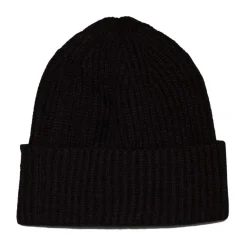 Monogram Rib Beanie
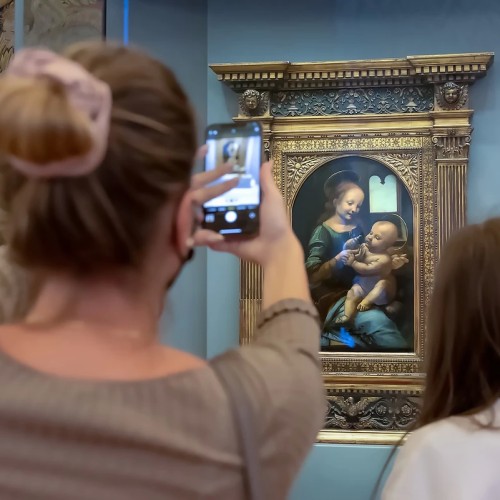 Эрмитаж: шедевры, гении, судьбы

☆ ☆ ☆

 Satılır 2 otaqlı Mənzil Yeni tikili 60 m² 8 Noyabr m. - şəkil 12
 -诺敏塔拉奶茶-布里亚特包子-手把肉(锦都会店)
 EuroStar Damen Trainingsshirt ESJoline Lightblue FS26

☆ ☆ ☆

* WORK INSTRUCTION:
Given the records above, return the lines starting at the one that holds "Monogram Rib Beanie" and ending at the one that holds "Эрмитаж: шедевры, гении, судьбы", exactly, and nothing besides; leave every picture out.

* REPLY:
 Monogram Rib Beanie
 Эрмитаж: шедевры, гении, судьбы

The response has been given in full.